To ensure consistent and accurately shaped openings in the mesh, a single die may be used for standard configurations. For complex or mixed patterns, complementary dies alternate, enabling production of mixed or designer meshes.
This method yields an expanded metal sheet with a pronounced, elevated structure often referred to as standard expanded metal. This type is recognized for its strength-to-weight ratio and anti-slip qualities, making it ideal for industrial safety grating and security mesh installations.
During production, coolants and lubricants are commonly used with expansion presses. These residues may aid in corrosion prevention but must be removed if post-processing (such as powder coating, painting, or galvanizing expanded metal) is required for aesthetic or corrosion resistance in harsh environments. Removal is generally achieved with specialized detergents or solvent cleaning.
This process minimizes waste and allows the creation of both lightweight and heavy-duty expanded metal products with tailored mechanical properties.

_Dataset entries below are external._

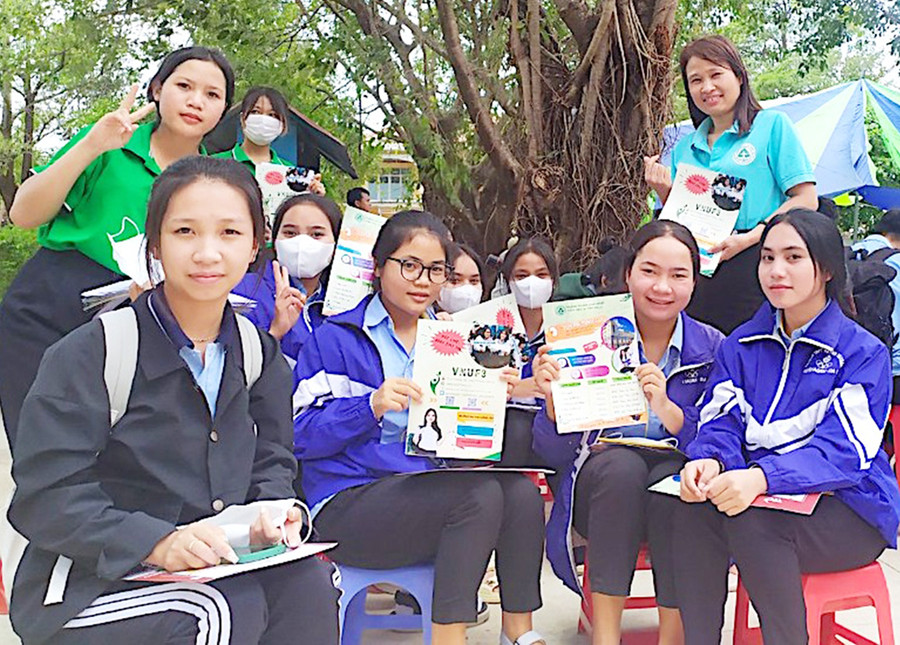 Trường Đại học Lâm nghiệp-Phân hiệu tại Gia Lai triển khai công tác tuyển sinh tại các trường THPT trong tỉnh. Ảnh ĐVCC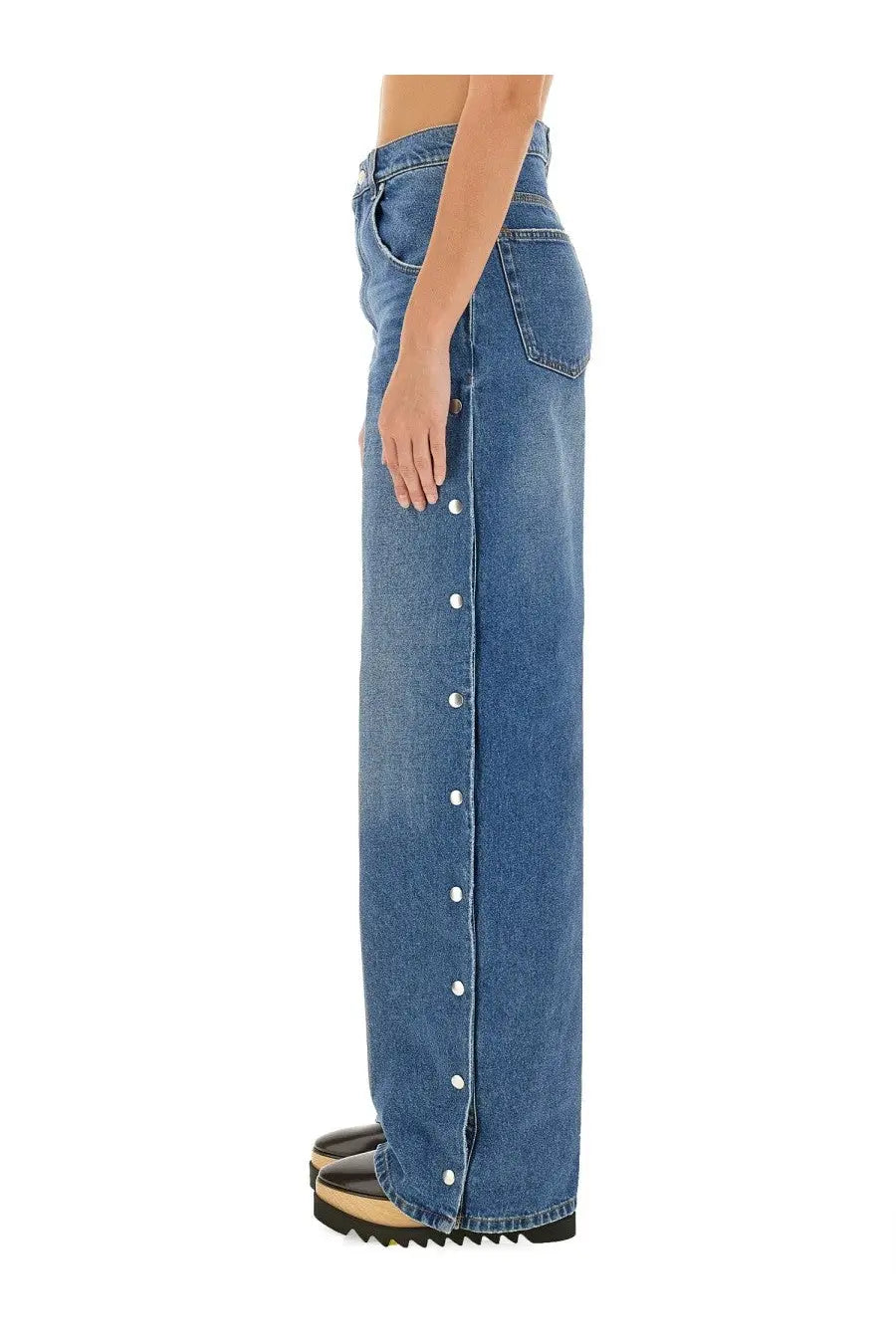 Stella McCartney Women's Loose Fit Jeans Blue, view 4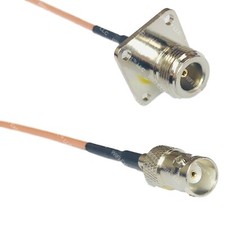 RG316 N FLANGE FEMALE to BNC FEMALE RF Cable Rapid-SHIP LOT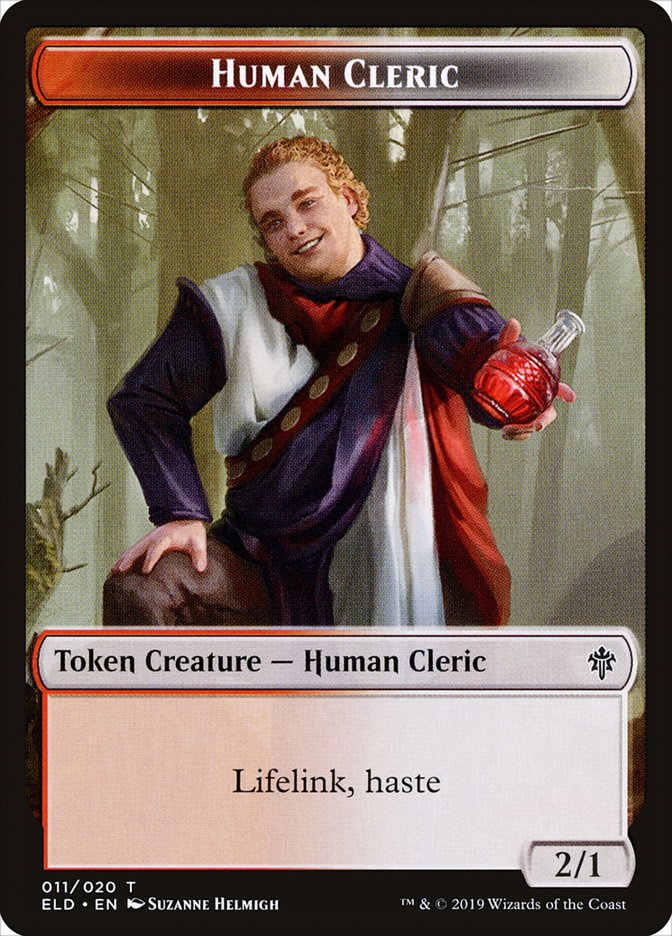 Human Cleric Token [Throne of Eldraine Tokens] | Yard's Games Ltd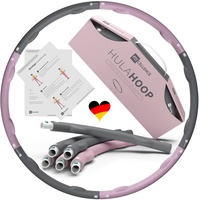 FITCELLENCE® 1,2kg, 90cm Durchmesser, 5-6 Teile, Hula Hoop Reifen für Erwachsene, zum abnehmen inkl. Anleitung für intensives Training, Anfänger und Profis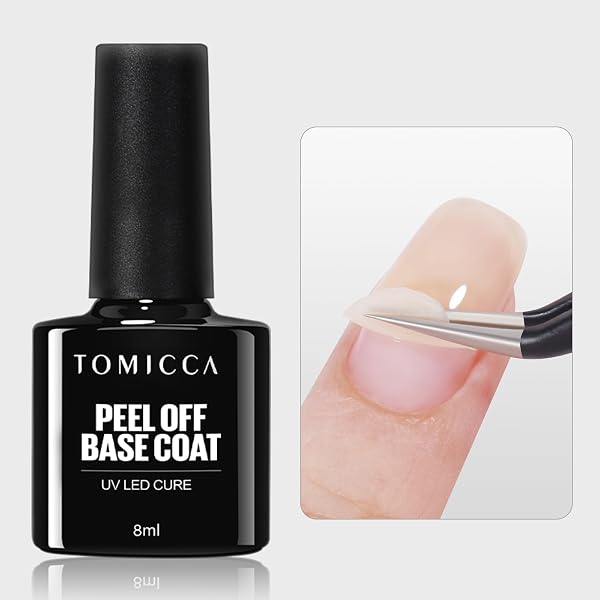 EBANKU Schwarz-Weiß Gel-Nagellack Set Mit Base & Top Coat – 4er Set Für French Nails & DIY Nageldesign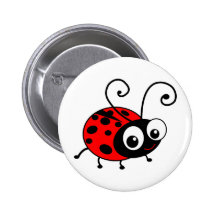 Cute Ladybug Buttons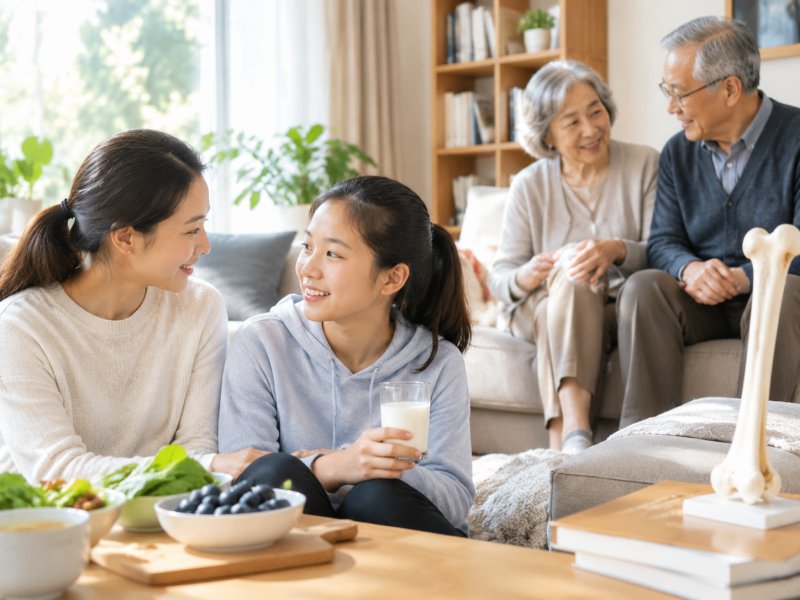 父母有骨质疏松会不会遗传给孩子?年轻人该从几岁开始预防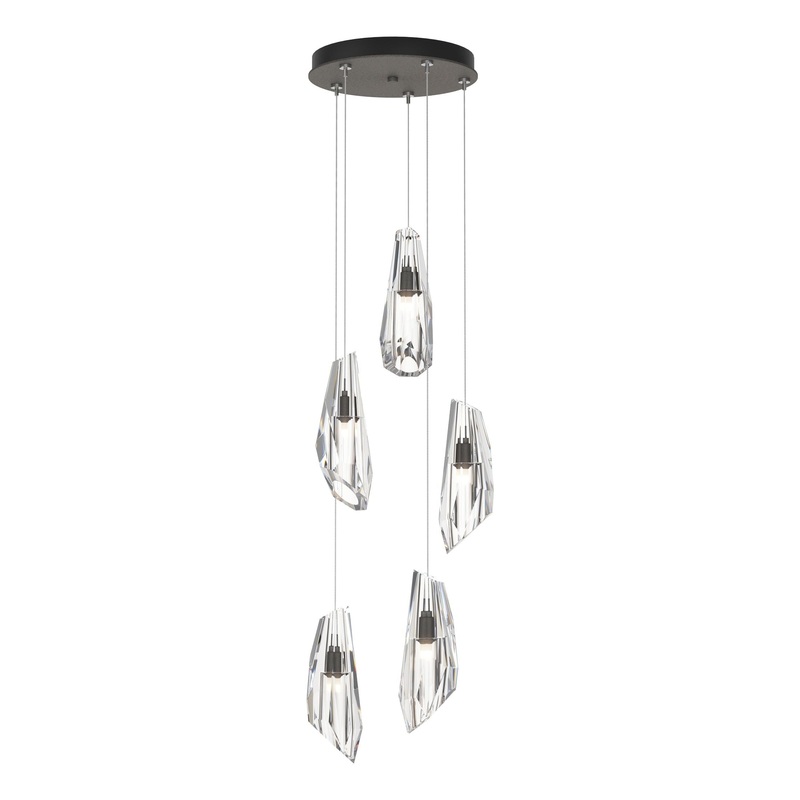 Luma 5-Light Pendant Natural Iron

Diamond shape: This standard expanded metal pattern is widely used for its effective balance of strength, ventilation, and visual appeal. Diamond mesh is the industry norm for platforms, security panels, and fencing.
Hexagonal shape: Popular in applications that require additional rigidity or unique aesthetics, hexagonal openings are created by modifying the direction of expansion. These are commonly chosen for architectural and filtration products but require advanced tooling and greater production control.

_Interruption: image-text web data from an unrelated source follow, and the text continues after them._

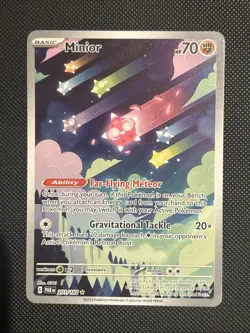Minior 201/182 SV04 Paradox Rift Full Art English Illustration Rare Pokemon TCG - Image 1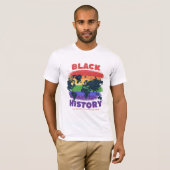 Black History Month , World Map Unity Change T-shirt (Voorkant volledig)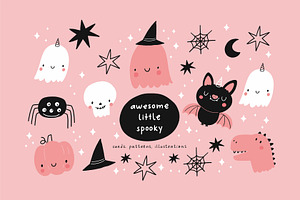 Awesome little spooky, an Animal Illustration by Barkova Nadya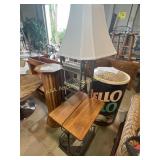 Side table with lamp, height of table is 24in,
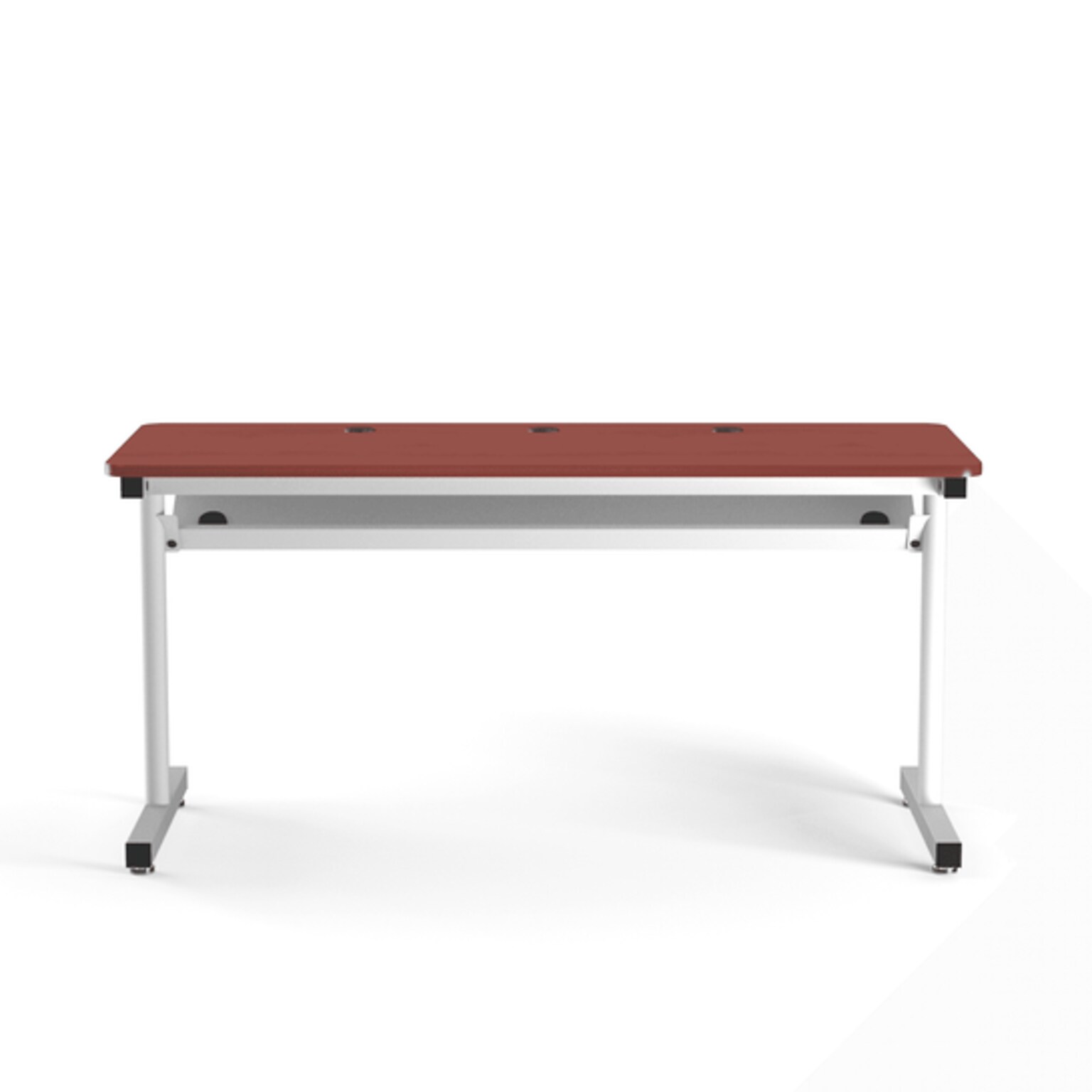 VersaDesk 60W Basic Computer Table, Cherry/White (BCT6030-WC)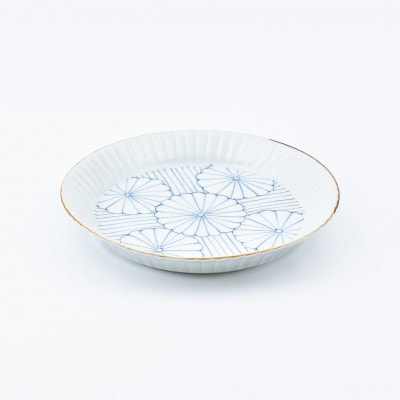 菊紋　渕彫皿大小2枚セット　41APCD083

Square shape: Achieved when the mesh’s diagonals are of equal length, square expanded metal provides uniformity and is frequently used for machine guards, shelving, and decorative grilles.
Louvered: A specialized pattern where sections are bent or pressed to alter airflow, sun shading, or drainage characteristics. Louvered expanded metal is often used for ventilation covers, screens, and sun-shading facades.
Decorative: Custom shapes—such as circles, ovals, or branded motifs—may be produced for artistic, signage, or specialty architectural expanded metal designs that meet unique visual and functional requirements.
Strand thickness, or the width of the metal remaining between the cuts, is a key design feature of expanded metal mesh. It determines the percentage of open area (critical for airflow, visibility, or filtration), mesh rigidity, and structural load capacity. Adjusting the feed rate during extrusion modifies strand thickness, allowing manufacturers to balance strength-to-weight ratio and function based on client specifications.
In applications that require robust support—such as expanded steel grating or industrial mesh panels—a thicker strand may be specified. For lightweight screening or facade systems, thinner strands maximize openness and visibility. Strand thickness can even be varied within a single mesh sheet for customized solutions.
Flattening is a secondary process that delivers a smooth, planar surface to the expanded metal, removing the raised or ridged finish typical of standard expanded mesh straight from the machine. While the raised (standard) finish provides slip resistance and rigidity, some applications—such as architectural facades, ceiling panels, or parts requiring close contact with substrates—demand a smooth, flattened expanded metal finish.
This is achieved through a cold rolling process, compressing the mesh to reduce thickness, elongate the openings, and produce an even surface. Flattened expanded metal offers improved workability for forming, bending, or welding, and is commonly specified where aesthetics, safety, or mounting precision is critical.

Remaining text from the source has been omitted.